Their last defeat in the fixture was far more significant than each of those wins, however, as a 33-13 rout at Twickenham consigned them to a harrowing group exit in the global showpiece four years ago. Australia are dangerous World Cup opponents, even allowing for their decline since reaching the final in 2015, but Youngs insists England have yet to reveal the extent of their armoury in Japan.
“Australia are very clever in how they attack and I have always found them challenging in that aspect,” Youngs said.
“That game in 2015 was one where they came up with a play we had never seen before – Bernard Foley comes around and plays it back inside to Kurtley Beale.
“You think they are going to do one thing and they do something completely different.

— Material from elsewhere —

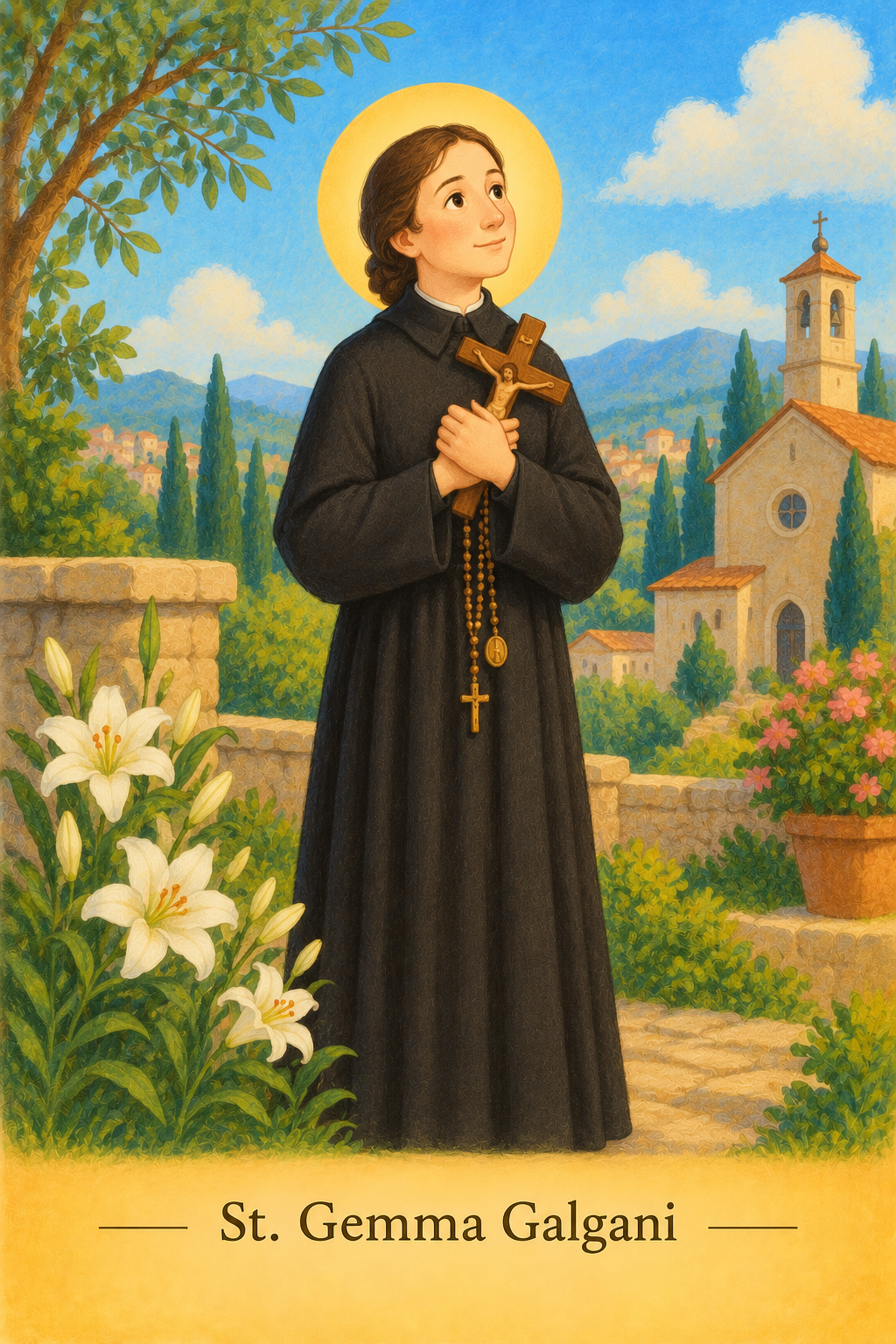 Illustration of Saint Gemma Galgani holding a wooden cross, rosary, and white lilies.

“It’s important we prepare for that. I like the way they play with their attacking mindset – and off the back of that you always get chances.
“We haven’t shown a huge amount in any of our games. Against America and Tonga we kept it pretty low-key. Against Argentina we had a bit more in the playbook but again didn’t need to show our hand.
“We will make sure we are right and ready to go and have things we haven’t had to use yet.
“You know that there are certain areas of the game you are strong against Australia. That record gives you belief but we won’t read too much into it.”
Youngs is only one of four players in Jones’s squad, alongside Courtney Lawes, Manu Tuilagi and Dan Cole, to have played in a World Cup quarter-final – the 19-12 defeat by France in 2011.
Of the quartet just Youngs and Tuilagi are likely to start at Oita Stadium, leaving England to face Australia with precious little experience of knockout rugby on the global stage.
“I was thinking the other day about when we played France in the 2011 quarter-finals,” said Youngs. “At that stage they were deemed to be in turmoil.
“My experience is that you can’t read into what happens in the past, it’s just about that 80 minutes. Don’t believe your own hype as a side.”
Add in England’s enforced two-week break due to the Pool C decider against France being cancelled because of Super Typhoon Hagibis, impacting on their momentum, and the Wallabies have cause to feel emboldened.
After four years of build-up to Japan, Youngs admits the prospect of it being over on Saturday is unthinkable but denies their lack of high-quality opposition en route to the last eight is a hazard.
“I certainly don’t feel like we’re undercooked. I think we’re in exactly the right spot. We haven’t had to show a huge amount yet –and that’s a good thing.”